Questions: (1.) According to Joseph Pleck, how did the role of fathers change in the
In the eighteenth and early nineteenth centuries the father was viewed as the moral overseer. The father was the main parent in the lives of his children. He was seen as the “ultimate source of moral teaching and worldly judgments” (352). The church, a major influential factor, believed that fathers “ought to concern themselves with the moral and religious education of the young and teach reading and writing” (352). Furthermore, the father played a key role in the courtship and marriage making of his children and usually was assigned custody in cases of marital separation.
In the early nineteenth to mid-twentieth centuries the predominant role of father began to change. Gradually the role of the mother increased while the more direct role of father decreased. As a new gender ideology emerged, specifically the purity of the female sphere, “the interests of the child were interpreted as justifying if not requiring maternal custody” (353). The effect of industrialization also impacted the role of the father; instead of being the extremely involved in the lives of his children, “being fully a father [now] meant being separated from one’s children for a considerable part of each day” (354). Although the father continued to set the official standard of morality and to be the final arbiter of family discipline, on the whole the father’s authority was reduced significantly.

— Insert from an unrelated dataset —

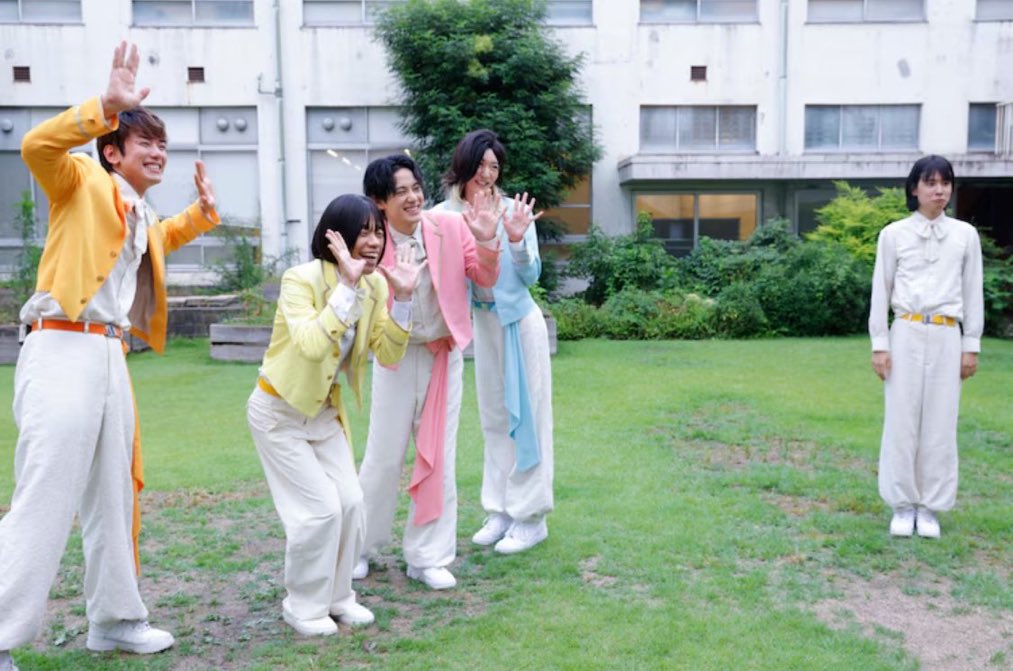 skijr_'s tweet photo. おヨネwwwmwwwwジャケット奪われてるw https://t.co/k7IcXUMs7J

Today, the dominant model is the father as the bread-winner. However, the image of the “new father” is on the rise: “he is present at the birth, he is involved with his children as infants, not just when they are older; he participates in the actual day-to-day work of child care, and not just play; he is involved with his daughters as much as his sons” (358).
I think that the article emphasizes the “new father” model as an expectation for fathers to emulate today; a sort of balance between the extremely involved father of the colonial period and frequently absent bread-winner father of the nineteenth and twentieth centuries. I agree with Pleck’s “new father” model and the expectations of fathers today. The balance between the two extremes seems to be a happy medium.
Couples also chose to work alternating shifts because they believe that children should only be cared for by family. Many middle class parents avoid day care and opt to work alternating shifts because for psychological reasons; for example, “they believe it doesn’t promote the child’s optimal development or because they think it will damage the bond between parent and child” (118). Furthermore, they also believe that “terrible dangers await children who are cared for by strangers” (118).
Among the working class there is more support for traditional gender ideology than among the more highly educated groups in the
The reality of the mother who works alternating shifts contradicts the ideal of the mother without paid employment. Although many of these alternating-shift mothers work to maintain the family’s economic well-being, many of them stated that given the choice the majority of them preferred being in the paid labor force and wouldn’t chose to be home full time – “yet the prevailing myth in these families is that the mothers work only for financial reasons” (126).
Mothers in alternating-shift families are still regarded as the number-one parent, regardless of how much time fathers spend with their children; “being there when children arrive home from a day at school is part of their image of being a good mother” (129).
Alternating-shift families are breaking grounds by developing new parenting techniques however there is an emphasis on traditional gender identities that there couples tend to hang on to. “They manage marked difference between their behavior and their ideology by maintaining core aspects of parental gender identity. Despite their nontraditional arrangements, they still regard the father as the breadwinner and the mother as the central parent” (132).
I am not sure what I would do in terms of selecting an alternating-shift arrangement for my family. It is extremely economically beneficial and also allows both parents to spend time with their children; however I would imagine that it might put a strain on the relationship between husband and wife. It seems that the time they would have together would be limited and when they find the time to be together either one or both are probably going to be exhausted. The pros and cons seem to be equal so I guess it would depend on the specific situation I found myself to be in at the time.
An important element of Black fatherhood that led to the creation of the myth of the Absent Black Father is that Blacks were not included in the separate spheres ideology; “black men fail to fit the patriarchal model of the husband who sustains his family economically” (151). Furthermore, the term ‘fatherlessness’ is often used interchangeably with ‘single motherhood’ and ‘illegitimacy’ demonstrating that people seem to be far more concerned with castigating unmarried fathers than with examining the actual contributions of married fathers to their children’s well being.
"Many presumably “absent” Black fathers actually play an important role in child rearing. Many Black men stay closely tied to their children even when they are not married to the mother or are unable to provide financial support” (153). Stephanie Coontz even points out that in one national study, “poor African-American, officially absent fathers actually had more contact with their children and gave them informal support than did White, middle-class absent fathers” (153).